§ YOUR GOAL
Reproduce exactly only the lines from the line that holds "The Strategy Execution" to the line that holds "Tactical simulation toy", inclusive, in the listing below, and please leave out every picture.

§ EXTRACTED RECORDS
────────────────────
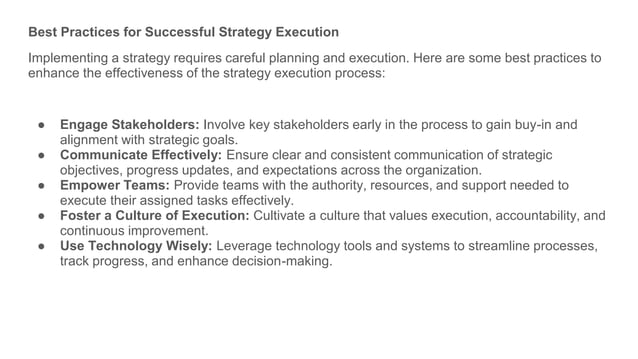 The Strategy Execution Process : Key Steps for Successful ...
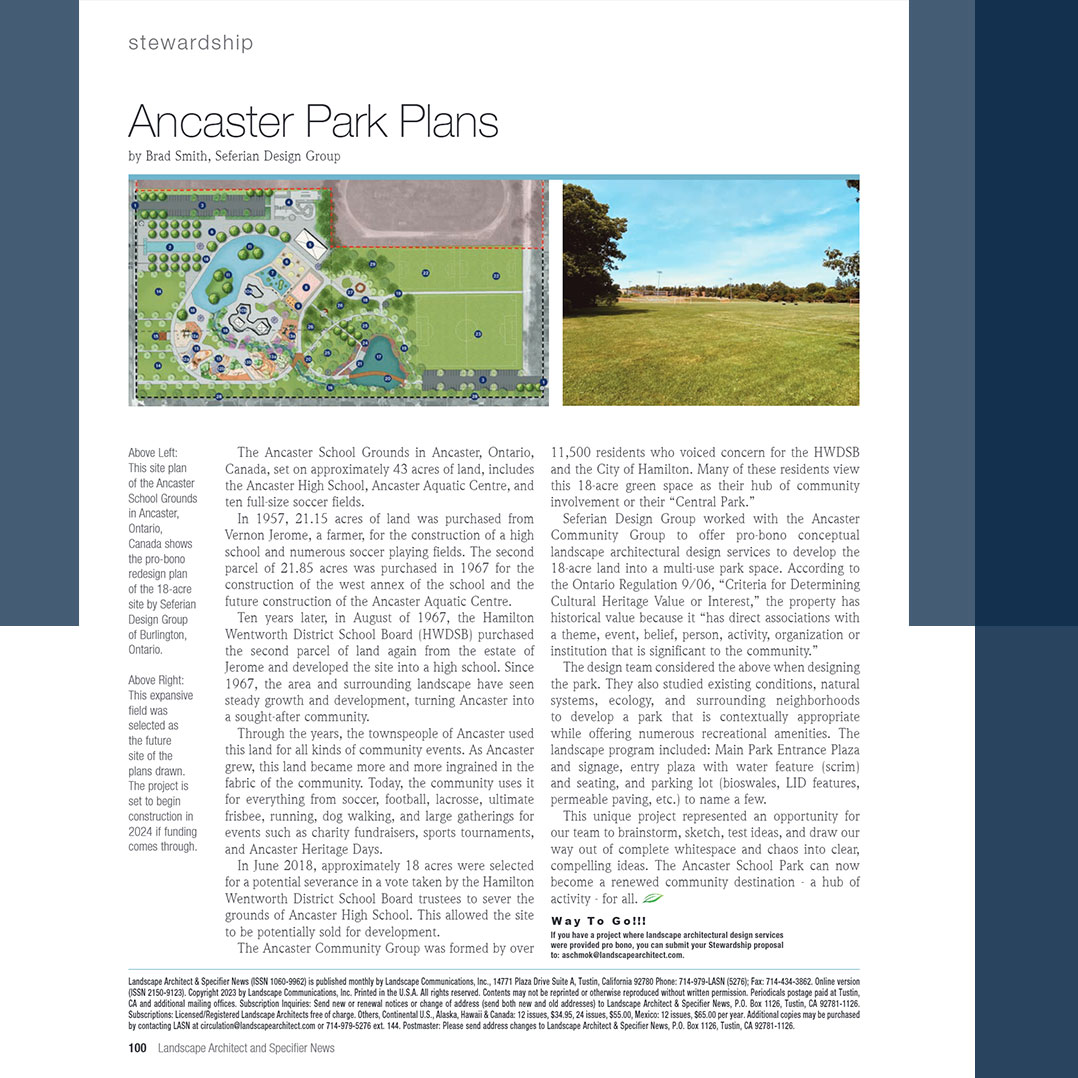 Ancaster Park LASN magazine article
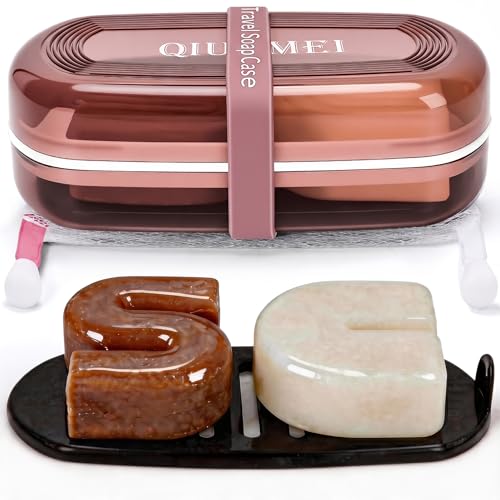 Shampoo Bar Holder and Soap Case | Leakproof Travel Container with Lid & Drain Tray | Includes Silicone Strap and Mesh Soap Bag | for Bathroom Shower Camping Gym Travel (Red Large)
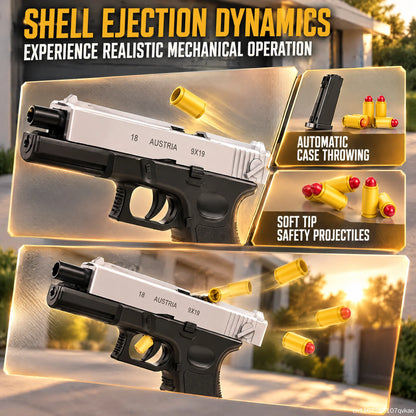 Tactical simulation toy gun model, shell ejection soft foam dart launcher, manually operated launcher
────────────────────
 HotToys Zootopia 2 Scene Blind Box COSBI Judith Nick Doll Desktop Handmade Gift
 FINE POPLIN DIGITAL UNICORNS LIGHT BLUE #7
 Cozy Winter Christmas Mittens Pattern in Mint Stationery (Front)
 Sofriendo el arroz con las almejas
────────────────────
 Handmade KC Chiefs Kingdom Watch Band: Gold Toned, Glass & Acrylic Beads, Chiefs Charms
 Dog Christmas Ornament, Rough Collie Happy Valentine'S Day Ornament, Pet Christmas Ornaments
────────────────────
§ EXERCISE ANSWER
 The Strategy Execution Process : Key Steps for Successful ...
 Ancaster Park LASN magazine article
 Shampoo Bar Holder and Soap Case | Leakproof Travel Container with Lid & Drain Tray | Includes Silicone Strap and Mesh Soap Bag | for Bathroom Shower Camping Gym Travel (Red Large)
 Tactical simulation toy gun model, shell ejection soft foam dart launcher, manually operated launcher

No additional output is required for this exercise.